Quando o médico olhou finalmente para o Gustavo ficou
hipnotizado por aqueles olhos profundos de um azul impossível. Prontificou-se a
exclamar, gaguejando: – Esta criança é um milagre...um anjo! Se acho normal?
Não, claro que não acho normal, mas vocês são estúpidos ou quê? Normal é aquilo
que se vê todos os dias, este rapaz...bem, este rapaz...Ora bolas! Mas não estão
a ouvir este canto? Os anjos ensinam aqueles que estão presos no chão a
distância exacta entre a terra e o céu. O vosso filho decidiu faze-lo com a
voz. Normal, normal? Isto é extraordinário. Deveriam de estar orgulhosos, isso
sim. – E estamos – interrompeu a mãe – estamos muito orgulhosos do nosso
pequeno tesouro, não estamos querido? – Continua ela, depenicando o marido na
barriga – só temos pena que ele não cante umas músicas...assim mais conhecidas,
entende? – Meu Deus! – Suspirou o médico – Escreves mesmo por linhas tortas.

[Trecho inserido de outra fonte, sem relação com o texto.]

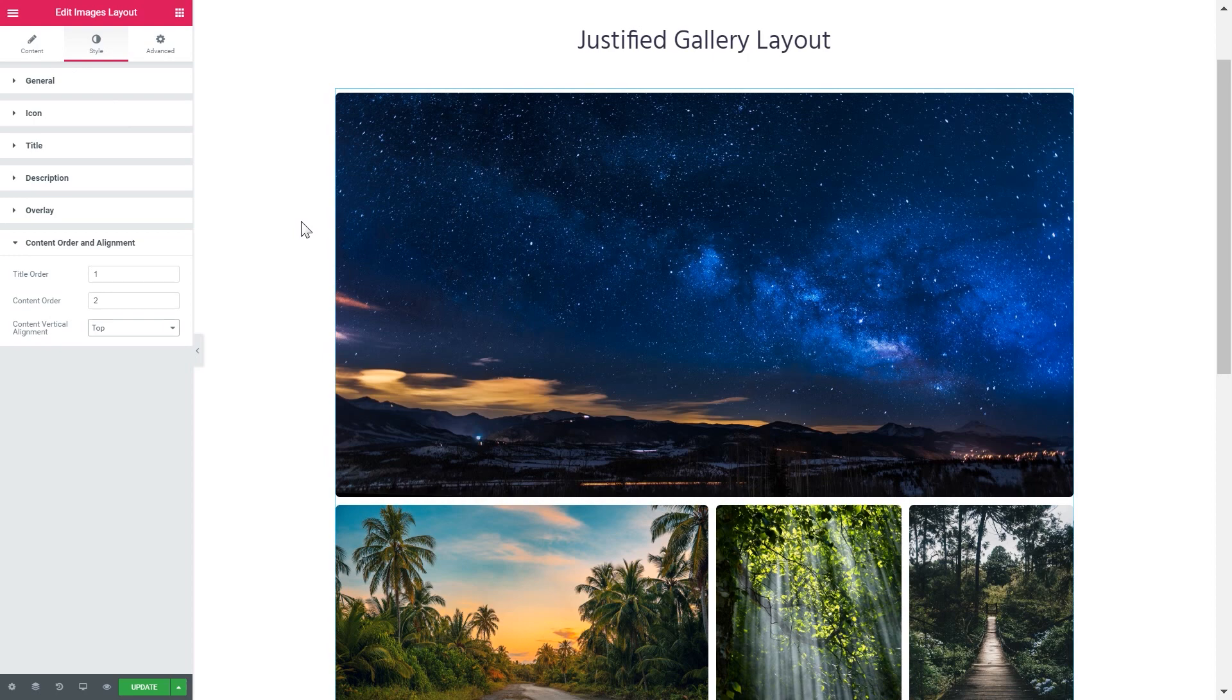And that's pretty much it for this tutorial. Now you know how to create a justified gallery layout with the help of JetElements plugin. You can get this plugin if you follow the link in the description. Thank you for watching.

Tenha
juízo minha senhora. Este miúdo está são como um pêro, o facto de ter nascido
há poucas horas e já cantar como um tenor lírico, torna-o único na história da
humanidade. Lamento, mas para isto não há cura nenhuma, e mesmo que houvesse.
Mesmo que houvesse, não deveria haver. Estão por vossa conta. Tentem não
estragar este milagre, sim? – Saiu logo depois, lançando-lhes um ar de profundo
desprezo.
Ficaram os dois sozinhos com Gustavo, que durante todo este
tempo não parou de cantar, desfiando de uma assentada todo o repertório de Massini Massano, de fio a pavio. Quando
por fim parou, parou porque tinha fome, e estava na hora da próxima mamada.
Desde esse dia, o dia em que nasceu, ainda não parou de
cantar. Médicos, cientistas, investigadores de todo o mundo, até padres do Vaticano,
especialistas em milagres, vinham vê-lo regularmente; Gustavo, o bebé cantor,
tentando descobrir porquê que este cantava tanto e assim; ópera apenas.
Chegavam com um ar de surpresa e admiração, partiam todos cabisbaixos sem
solução à vista, mas maravilhados com a sua voz. Um físico da NASA concluiu que
tal fenómeno só podia ser causado pelo alinhamento dos planetas que causou
extremos raios de sol ultravioletas no dia em que ele nasceu, mas ninguém lhe
ligou nenhuma. Claro que houve outras
tantas tentativas de explicação, mas cada uma delas mais sem pés nem cabeça que
a outra. Um vizinho chegou a dizer que ele cantava, apenas porque lhe apetecia
cantar, e mais nada. Ninguém pareceu discordar.
Com cinco anos apenas, Gustavo cantou para uma plateia de mil
pessoas ilustres: reis, príncipes, presidentes e celebridades. Quando terminou,
fê-lo porque já não aguentava mais a vontade de ir fazer chichi. Não havia um
par de olhos secos naquele auditório, ficaram todos tão emocionados com a sua
voz, que o consideraram o maior cantor de ópera de todos os tempos, um feito extraordinário,
especialmente se concedido a alguém a quem ainda não haviam nascido todos os
dentes.
Os seus pais também estavam na plateia, mas, sem que ninguém
notasse, disfarçavam dois pequenos auscultadores nos ouvidos. Vá se lá saber o
que estariam eles a escutar naquele momento. Estavam felizes, é o que
interessava, e Gustavo também, quando retornou da casa de banho. Até ao último
dia da sua vida, nunca proferiu uma única palavra que fosse falada.